Ibrutinib With Rituximab in First-Line Treatment of Older Patients With Mantle Cell Lymphoma

Preetesh Jain, MD, DM, PhD; Shuangtao Zhao, PhD; Hun Ju Lee, MD; Holly A. Hill, MPH; Chi Young Ok, MD; Rashmi Kanagal-Shamanna, MD; Fredrick B. Hagemeister, MD; Nathan Fowler, MD; Luis Fayad, MD; Yixin Yao, PhD; Yang Liu, PhD; Omar B. Moghrabi, BS; Lucy Navsaria, MBBS; Lei Feng, MS; Graciela M. Nogueras Gonzalez, MPH; Guofan Xu, MD; Selvi Thirumurthi, MD; David Santos, MD; Cezar Iliescu, MD; Guilin Tang, MD, PhD; L. Jeffrey Medeiros, MD; Francisco Vega, MD, PhD; Michelle Avellaneda, BS; Maria Badillo, BS; Christopher R. Flowers, MD; Linghua Wang, PhD; Michael L. Wang, MD


J Clin Oncol. 2022;40(2):202-212. 

In This Article


Patient Characteristics and Disposition

Fifty previously untreated elderly patients with MCL were enrolled in the study between October 2015 and November 2019. Baseline patient characteristics are summarized in Table 1. The median age was 71 years (interquartile range [IQR] 69–76 years), and 77% were men. Bone marrow involvement and GI tract involvement were observed in 94% (47 of 50) and 79% (19 of 24) of evaluable patients, respectively. High mantle cell lymphoma international prognostic index (MIPI) risk score was observed in 16%, and high biologic MIPI score including Ki-67% was observed in 28% of patients. TP53 aberrations were detected 3 of 18 (17%) patients in the bone marrow by either targeted next-generation sequencing (NGS) or fluorescence in situ hybridization, whereas 4 of 45 (8%) evaluable patients had complex karyotype. Eleven patients (23%) had a history of atrial fibrillation.

After a median follow-up of 45 months (IQR 24–56 months), five patients had died and 45 patients were alive. Overall, four patients developed disease progression (including three patients who transformed from classic to blastoid MCL in two and from classic to pleomorphic in one). Among these four patients with progression, the Ki-67% at baseline was 15%, 20%, 30%, and 35% and one patient had a TP53 mutation. Figure 1 shows the flowchart of patients.

Figure 1.

Flowchart of patient treatment and disposition. The induction treatment consisted of ibrutinib administered at 560 mg once daily on days 1–28 of a 28-day cycle and rituximab weekly for 4 weeks during cycle 1 and then day 1 of every cycle starting in cycles 3–8. After cycle 8, rituximab was given on day 1 of every 2 months for up to 2 years, and after 2 years, ibrutinib was administered in continuous cycles until disease progression or unacceptable toxicity or any other reason of discontinuation.
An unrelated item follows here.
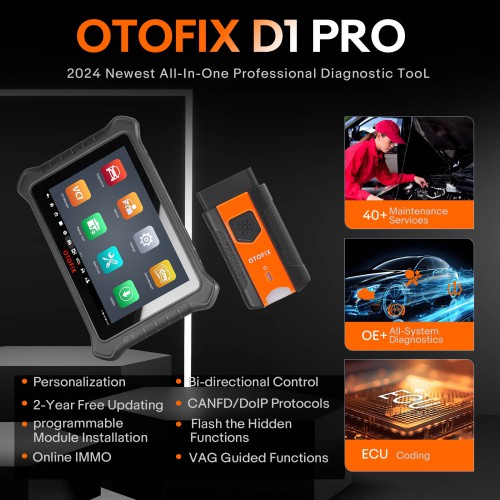 OTOFIX D1 PRO Auto Scan 2.0 Bi-Directional Diagnostic Tool Supports CAN FD ECU Coding FCA AutoAuth Guided Function 40+ Services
Of the 50 patients enrolled, 28 came off study for various reasons.

As of January 2021, 28 of 50 (56%) patients discontinued IR therapy and came off study for various reasons (4 of 50 [8%] disease progression, 21 of 50 [42%] because of toxicities [including 10 because of grade 3 atrial fibrillation], and 3 of 50 [6%] for miscellaneous reasons). At the time of study discontinuation, 16 of 28 (57%) patients were in CR. Among the 10 patients with atrial fibrillation, six patients were new onset and four patients had a history of atrial fibrillation. Among the 14 patients who discontinued IR therapy for miscellaneous reasons, two were due to other cancers, three were due to bleeding, three were due to infections, five were due to intolerance, and one was by patient choice. The causes of discontinuation (n = 28) and causes of death (n = 5) are summarized in Table 2.
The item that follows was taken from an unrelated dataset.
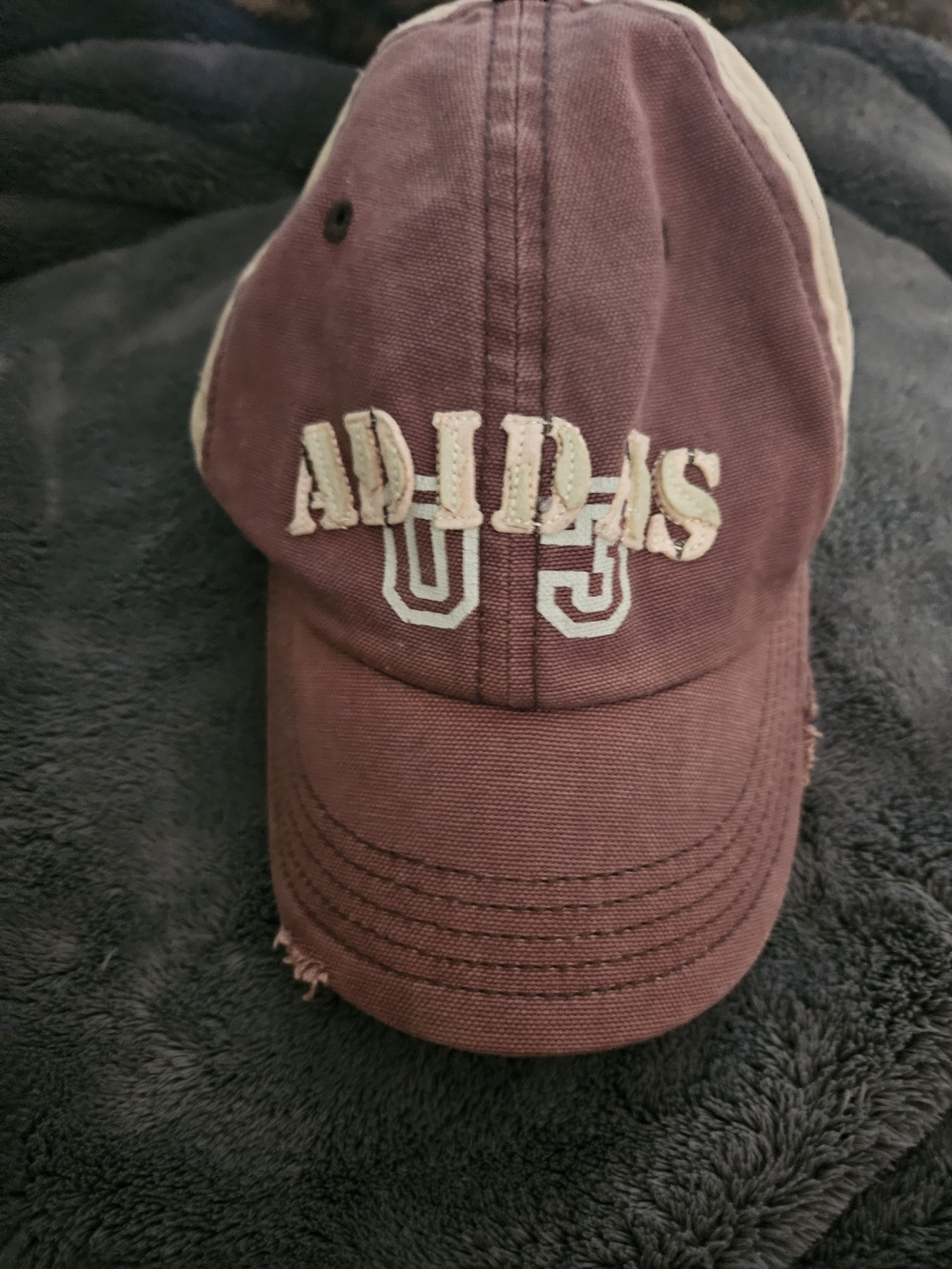 Vintage Adidas Women's Distressed Brown Baseball Cap with Pink Logo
The investigator-assessed best ORR was 96% (46 of 48), CR 71% (34 of 48), PR 25% (12 of 48), and stable disease 4% (2 of 48). Two patients were not evaluable for response assessment since they came off study within 1 month after therapy initiation (one because of GI bleed and the other because of grade 3 atrial fibrillation).With an intent to treat, the best ORR was 92% (46 of 50) and CR was 68% (34 of 50). Forty patients had baseline PET-computed tomography scans performed, and 35 were positive. Among these 35 patients, 26 achieved complete metabolic response at best response (74%), eight did not have PET scan at best response, and one patient had residual disease. Of the 26 patients with CMR, 21 (81%) had bone marrow–negative for MCL, one had residual disease, and four patients did not have bone marrow evaluation. The median number of IR cycles to reach CR was seven (range 2–51).
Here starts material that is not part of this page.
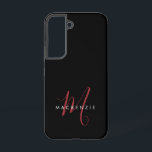 Elegant Modern Black Red Script Monogram Samsung Galaxy Case<br><div class="desc">Elegant Modern Black Red Script Monogram Phone Case.  An elegant red script monogram combined with a clean white san-serif font makes for a contemporary look.</div>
We further evaluated responses in patients with Ki-67% (< 30%) and Ki-67% (≥ 30%-50%), and the n of N, ORR (n of N; CR) were 37 of 38, 97% (28 of 38; 74%) and 9 of 12, 75% (6 of 12; 50%), respectively (P < .001). Within the 18 evaluable patients for TP53 aberrations (three positive and 15 negative for TP53 aberrations), the n of N, ORR (CR) were 2 of 3, 66% (1 of 3, 33%) and 14 of 15, 94% (10 of 15, 67%), respectively, P < .001. Bone marrow flow cytometry assessment was performed at their best response in 32 patients, and 27 of 32 patients (84%) were negative for MCL cells.

Time to Event Outcomes

With a median follow-up of 45 months (IQR 24–56 months), overall, five patients had died and seven patients progressed or died (whichever occurred earlier). None of the deaths were on study. The median PFS and OS were not reached, and the 3-year PFS and OS were 87% (95% CI, 0.73 to 0.94) and 94% (95% CI, 0.82 to 0.98), respectively (Figs 2A and 2D). Patients with high Ki-67% (≥ 30%-50%) had a trend of higher risk of progression and/or death compared with those with low Ki-67% (< 30%), P = not significant (Figures 1E and 2B). Patients who achieved CR as their best response had significantly longer PFS and OS compared with those who did not achieve CR, Figures 1F and 2C.

Figure 2.

Survival outcomes after a median follow-up of 45 months. (A) The median PFS in all patients was not reached. (B) PFS by Ki-67% was not significantly different in high (Ki-67% ≥ 30%) versus low Ki-67% (< 30%) although higher hazard of progression was noted in those patients with high Ki-67%, HR of 2.62, P = .190. (C) PFS by CR status. Patients who achieved CR as the best response to IR therapy had a significantly better PFS compared with those patients without CR as the best response, P = .003. (D) The median OS in all patients was not reached. (E) OS by Ki-67% was not significantly different between low and high Ki-67% categories (P = .356). (F) OS by CR status. Patients who achieved CR as the best response to IR therapy had a significantly better OS compared with those patients without CR as the best response, P = .002. CR, complete response; HR, hazard ratio; IR, ibrutinib-rituximab; OS, overall survival; PFS, progression-free survival.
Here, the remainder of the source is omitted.